New Strategies Target Faster Growth for '04A look at issues that both TV stations and cable operators will be focused on next year 11/23/2003 07:00:00 PM Eastern
The ad sales departments of TV stations and cable operators will be focused on more than run-of-the-mill spot TV issues next year. Here's a rundown of some emerging trends.
Ad Tag/Ad Copy. Comcast will roll out this technology in its 25 largest markets next year, with DMAs 7-10 up and running by the end of the first quarter. It allows advertisers to split their spot TV buys in two ways: by tagging commercials with the names of local retailers in their sales radiuses and by targeting different brands to the neighborhoods where they're most likely to generate sales.

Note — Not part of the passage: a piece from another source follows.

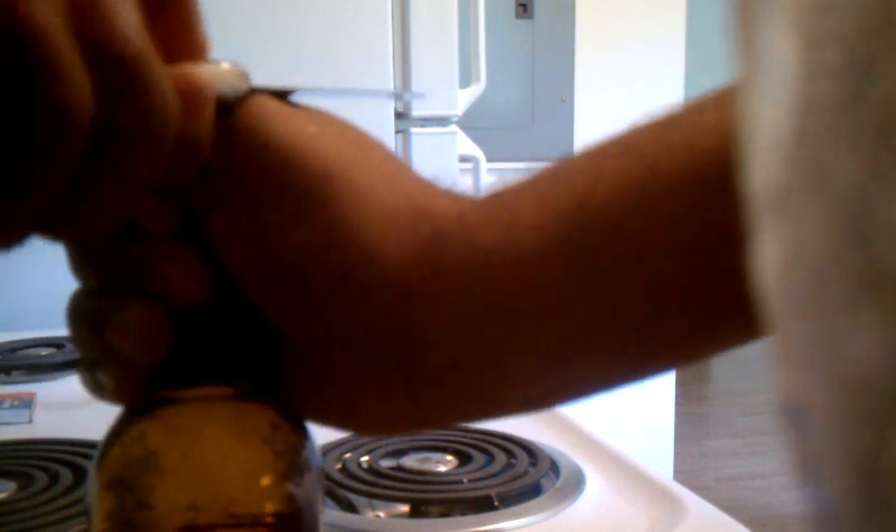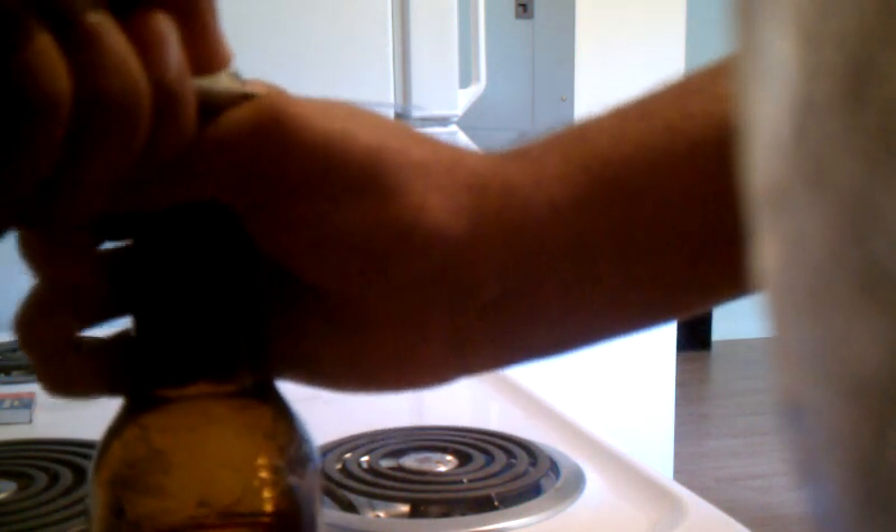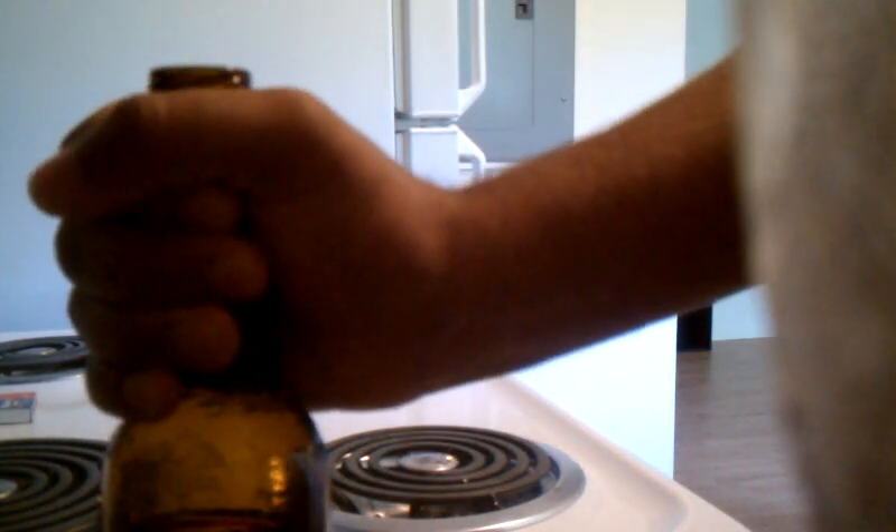First thing you want to do is grab the beer by the neck just below the cap so you have room to stick your knife in. Once you have your beer grabbed, stick the knife in just under the cap and you want to use the handle as leverage. Once you have that, get a nice firm grip, make sure it's nice and tight, and just pull up using it as leverage.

Developed by Los Angeles interconnect Adlink, Ad Tag/Ad Copy is "powerful and effective," said Kathy Crawford, president of WPP Group media-buying service Mindshare. "Most people don't know how to use it yet, but it will become more prolific. When it does, it begs the question: When is broadcast going to be able to do this? They'll have to have a relationship with cable in order to do it."
Smarter packaging. Spot cable's biggest challenge is a shortage of inventory. As broadcasters are happy to point out, cable operators typically have about 600 local spots to sell per week, compared with 2300 at the average TV station. Add to that steep demand for high-profile networks like ESPN and Lifetime and less for smaller, newer outlets, and you have a classic inventory-management conundrum.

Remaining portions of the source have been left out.